■ YOUR OBJECTIVE ■
Among the records below, find the line that has "Eco Christmas paper"; from there, give the lines again exactly, and stop after the line that has "Purple heart keychain".

TASK MATERIAL Start Marker

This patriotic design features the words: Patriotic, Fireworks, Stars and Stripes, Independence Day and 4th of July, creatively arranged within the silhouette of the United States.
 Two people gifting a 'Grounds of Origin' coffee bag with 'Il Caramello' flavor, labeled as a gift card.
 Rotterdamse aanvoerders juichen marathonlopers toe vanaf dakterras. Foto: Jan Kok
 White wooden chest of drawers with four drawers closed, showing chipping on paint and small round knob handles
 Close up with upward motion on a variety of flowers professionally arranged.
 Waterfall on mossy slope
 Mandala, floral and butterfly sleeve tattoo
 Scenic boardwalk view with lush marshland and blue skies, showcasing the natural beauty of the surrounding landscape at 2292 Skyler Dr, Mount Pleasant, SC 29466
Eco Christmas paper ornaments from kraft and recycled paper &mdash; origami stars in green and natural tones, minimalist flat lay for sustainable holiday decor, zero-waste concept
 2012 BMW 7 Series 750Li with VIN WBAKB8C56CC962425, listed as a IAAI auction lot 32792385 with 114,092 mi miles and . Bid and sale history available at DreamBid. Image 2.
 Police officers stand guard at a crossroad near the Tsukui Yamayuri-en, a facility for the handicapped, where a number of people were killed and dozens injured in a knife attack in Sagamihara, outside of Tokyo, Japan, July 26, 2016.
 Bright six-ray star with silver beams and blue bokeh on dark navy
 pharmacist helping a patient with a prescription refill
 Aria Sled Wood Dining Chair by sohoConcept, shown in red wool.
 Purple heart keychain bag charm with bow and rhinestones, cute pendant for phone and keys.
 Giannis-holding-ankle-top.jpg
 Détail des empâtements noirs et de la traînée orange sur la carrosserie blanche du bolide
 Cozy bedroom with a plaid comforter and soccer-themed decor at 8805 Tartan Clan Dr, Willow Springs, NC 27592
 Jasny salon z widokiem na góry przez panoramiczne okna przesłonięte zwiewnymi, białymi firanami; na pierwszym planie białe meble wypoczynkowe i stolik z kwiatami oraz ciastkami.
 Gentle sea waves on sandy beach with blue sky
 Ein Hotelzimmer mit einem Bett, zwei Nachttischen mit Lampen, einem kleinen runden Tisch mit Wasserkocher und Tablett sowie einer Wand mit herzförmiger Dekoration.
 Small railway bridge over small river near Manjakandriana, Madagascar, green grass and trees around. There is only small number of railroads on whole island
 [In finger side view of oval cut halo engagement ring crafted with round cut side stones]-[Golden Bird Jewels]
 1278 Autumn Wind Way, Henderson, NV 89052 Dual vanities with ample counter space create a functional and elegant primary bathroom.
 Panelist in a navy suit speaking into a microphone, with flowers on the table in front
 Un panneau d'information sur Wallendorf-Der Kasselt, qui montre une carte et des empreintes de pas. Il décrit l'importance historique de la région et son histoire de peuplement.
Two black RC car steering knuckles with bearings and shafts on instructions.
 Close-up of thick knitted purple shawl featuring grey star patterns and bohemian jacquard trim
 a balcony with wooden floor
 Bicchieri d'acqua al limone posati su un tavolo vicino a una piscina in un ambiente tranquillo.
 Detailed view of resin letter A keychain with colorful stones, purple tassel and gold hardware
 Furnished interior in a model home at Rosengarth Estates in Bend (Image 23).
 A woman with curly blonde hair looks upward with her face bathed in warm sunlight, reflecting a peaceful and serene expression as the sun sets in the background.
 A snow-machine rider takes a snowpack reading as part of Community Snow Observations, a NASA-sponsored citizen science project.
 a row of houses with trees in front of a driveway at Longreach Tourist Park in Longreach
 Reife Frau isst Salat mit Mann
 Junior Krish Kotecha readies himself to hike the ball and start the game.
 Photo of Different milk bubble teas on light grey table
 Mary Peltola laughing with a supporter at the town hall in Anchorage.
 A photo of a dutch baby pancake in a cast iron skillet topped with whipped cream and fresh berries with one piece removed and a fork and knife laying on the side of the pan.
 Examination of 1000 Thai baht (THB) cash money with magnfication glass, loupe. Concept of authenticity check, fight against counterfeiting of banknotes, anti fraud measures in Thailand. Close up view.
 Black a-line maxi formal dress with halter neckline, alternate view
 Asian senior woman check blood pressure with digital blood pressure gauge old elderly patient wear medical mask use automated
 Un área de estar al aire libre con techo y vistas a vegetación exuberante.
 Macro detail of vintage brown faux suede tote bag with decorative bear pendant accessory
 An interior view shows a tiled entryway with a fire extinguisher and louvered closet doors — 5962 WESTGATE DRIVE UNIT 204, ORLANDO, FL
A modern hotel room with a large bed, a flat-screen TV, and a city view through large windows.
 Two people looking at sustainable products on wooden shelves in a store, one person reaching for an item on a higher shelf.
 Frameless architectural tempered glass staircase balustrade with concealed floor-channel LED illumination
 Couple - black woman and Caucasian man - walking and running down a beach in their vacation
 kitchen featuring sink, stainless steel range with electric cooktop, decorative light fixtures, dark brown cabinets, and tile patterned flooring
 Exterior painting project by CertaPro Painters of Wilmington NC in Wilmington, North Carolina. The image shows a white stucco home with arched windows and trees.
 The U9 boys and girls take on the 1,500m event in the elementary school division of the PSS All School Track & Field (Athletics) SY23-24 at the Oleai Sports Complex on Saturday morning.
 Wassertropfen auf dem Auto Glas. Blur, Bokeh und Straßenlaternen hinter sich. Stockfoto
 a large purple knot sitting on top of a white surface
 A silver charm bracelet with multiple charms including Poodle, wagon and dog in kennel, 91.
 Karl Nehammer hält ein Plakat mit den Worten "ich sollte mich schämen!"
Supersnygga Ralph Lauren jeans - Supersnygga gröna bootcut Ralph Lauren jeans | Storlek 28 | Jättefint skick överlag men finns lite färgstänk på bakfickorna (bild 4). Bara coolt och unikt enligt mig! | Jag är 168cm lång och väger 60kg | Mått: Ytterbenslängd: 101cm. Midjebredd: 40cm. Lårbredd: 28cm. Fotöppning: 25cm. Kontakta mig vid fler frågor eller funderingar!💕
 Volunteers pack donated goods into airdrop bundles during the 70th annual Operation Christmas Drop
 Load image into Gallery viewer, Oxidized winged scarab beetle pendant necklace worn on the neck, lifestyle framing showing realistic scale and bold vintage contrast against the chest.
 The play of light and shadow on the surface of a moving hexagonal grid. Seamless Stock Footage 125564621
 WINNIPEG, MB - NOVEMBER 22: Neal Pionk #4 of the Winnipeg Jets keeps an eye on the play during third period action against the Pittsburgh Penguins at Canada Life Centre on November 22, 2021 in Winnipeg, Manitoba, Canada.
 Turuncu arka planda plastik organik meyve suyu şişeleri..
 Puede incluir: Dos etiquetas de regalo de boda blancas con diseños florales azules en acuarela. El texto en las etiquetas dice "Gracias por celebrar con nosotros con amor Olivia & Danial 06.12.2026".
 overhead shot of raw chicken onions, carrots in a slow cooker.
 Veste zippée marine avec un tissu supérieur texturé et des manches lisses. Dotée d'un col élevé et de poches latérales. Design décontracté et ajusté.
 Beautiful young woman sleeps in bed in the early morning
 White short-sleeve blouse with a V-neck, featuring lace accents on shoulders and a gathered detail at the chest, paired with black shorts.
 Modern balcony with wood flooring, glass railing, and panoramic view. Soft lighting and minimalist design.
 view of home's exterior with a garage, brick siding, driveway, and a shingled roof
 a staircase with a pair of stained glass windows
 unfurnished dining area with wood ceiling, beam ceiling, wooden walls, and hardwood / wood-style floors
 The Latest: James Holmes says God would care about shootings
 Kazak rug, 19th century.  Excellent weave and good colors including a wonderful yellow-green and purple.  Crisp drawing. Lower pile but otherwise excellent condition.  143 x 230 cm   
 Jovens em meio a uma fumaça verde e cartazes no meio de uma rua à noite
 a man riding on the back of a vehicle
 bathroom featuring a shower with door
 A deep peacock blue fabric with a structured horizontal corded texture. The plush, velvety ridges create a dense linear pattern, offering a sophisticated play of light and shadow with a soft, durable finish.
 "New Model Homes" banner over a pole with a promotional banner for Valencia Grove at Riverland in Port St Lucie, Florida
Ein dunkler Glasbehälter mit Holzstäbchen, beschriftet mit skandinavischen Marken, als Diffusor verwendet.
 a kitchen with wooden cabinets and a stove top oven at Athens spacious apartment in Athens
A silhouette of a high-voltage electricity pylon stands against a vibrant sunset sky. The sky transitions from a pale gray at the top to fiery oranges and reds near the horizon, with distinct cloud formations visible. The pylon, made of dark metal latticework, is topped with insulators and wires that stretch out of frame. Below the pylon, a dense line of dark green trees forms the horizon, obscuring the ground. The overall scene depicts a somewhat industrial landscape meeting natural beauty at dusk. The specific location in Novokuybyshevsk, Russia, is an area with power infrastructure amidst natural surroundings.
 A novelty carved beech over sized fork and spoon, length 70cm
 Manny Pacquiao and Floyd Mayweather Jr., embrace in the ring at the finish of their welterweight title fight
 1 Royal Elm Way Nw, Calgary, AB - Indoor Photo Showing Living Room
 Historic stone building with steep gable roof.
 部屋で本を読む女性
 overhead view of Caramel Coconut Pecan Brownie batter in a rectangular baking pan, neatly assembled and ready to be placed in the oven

TASK MATERIAL End Marker

■ OUTPUT FOR THIS TASK ■
Eco Christmas paper ornaments from kraft and recycled paper &mdash; origami stars in green and natural tones, minimalist flat lay for sustainable holiday decor, zero-waste concept
 2012 BMW 7 Series 750Li with VIN WBAKB8C56CC962425, listed as a IAAI auction lot 32792385 with 114,092 mi miles and . Bid and sale history available at DreamBid. Image 2.
 Police officers stand guard at a crossroad near the Tsukui Yamayuri-en, a facility for the handicapped, where a number of people were killed and dozens injured in a knife attack in Sagamihara, outside of Tokyo, Japan, July 26, 2016.
 Bright six-ray star with silver beams and blue bokeh on dark navy
 pharmacist helping a patient with a prescription refill
 Aria Sled Wood Dining Chair by sohoConcept, shown in red wool.
 Purple heart keychain bag charm with bow and rhinestones, cute pendant for phone and keys.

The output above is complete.